Task statement: With the pictures removed, reproduce exactly the lines from the one that contains "-国际非物质文化遗产博览园" through the last line of the entries below.

Data:

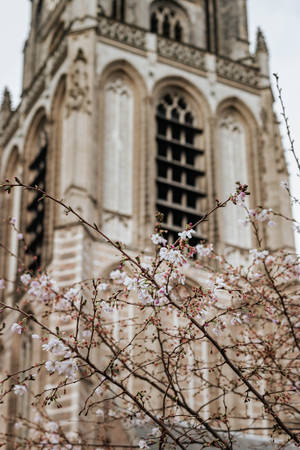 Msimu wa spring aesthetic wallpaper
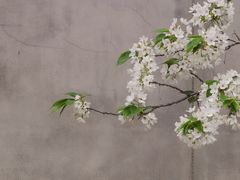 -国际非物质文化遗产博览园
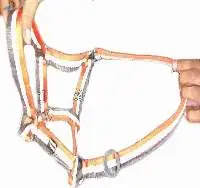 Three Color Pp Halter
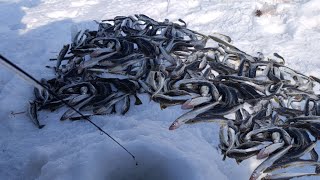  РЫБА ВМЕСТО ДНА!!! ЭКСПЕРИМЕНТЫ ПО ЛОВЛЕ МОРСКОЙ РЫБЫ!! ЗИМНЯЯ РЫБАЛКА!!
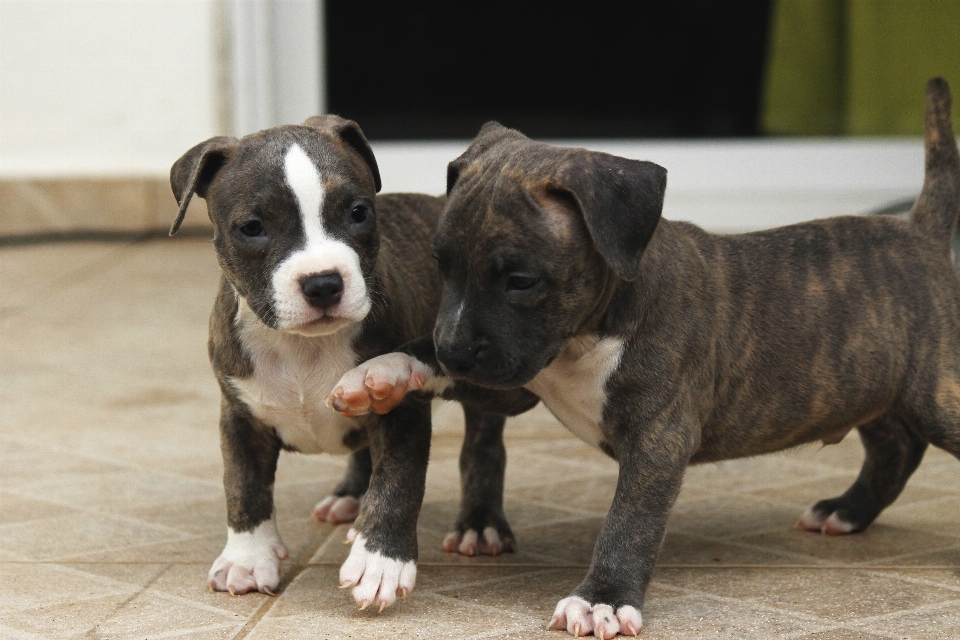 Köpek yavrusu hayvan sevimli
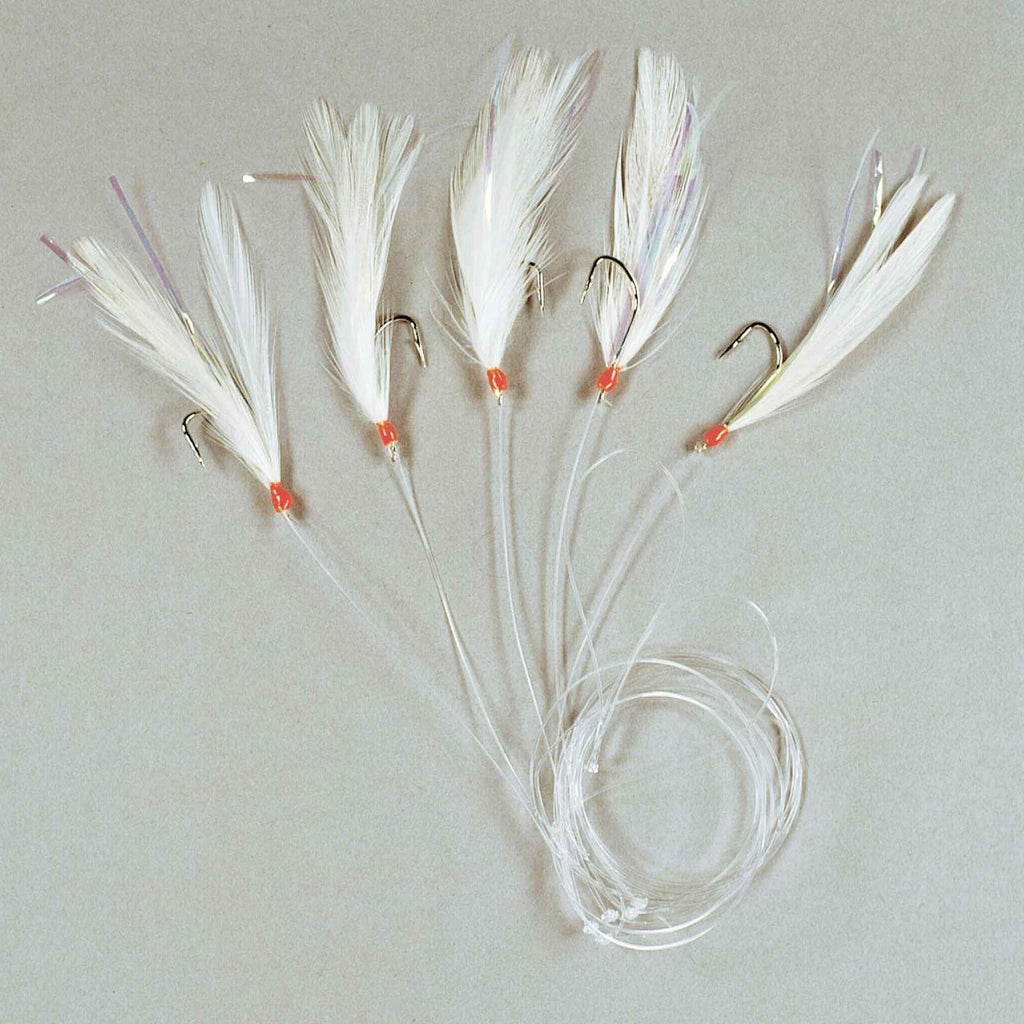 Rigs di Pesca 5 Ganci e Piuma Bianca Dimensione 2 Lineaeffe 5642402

Written solution:
 -国际非物质文化遗产博览园
 Three Color Pp Halter
  РЫБА ВМЕСТО ДНА!!! ЭКСПЕРИМЕНТЫ ПО ЛОВЛЕ МОРСКОЙ РЫБЫ!! ЗИМНЯЯ РЫБАЛКА!!
 Köpek yavrusu hayvan sevimli
 Rigs di Pesca 5 Ganci e Piuma Bianca Dimensione 2 Lineaeffe 5642402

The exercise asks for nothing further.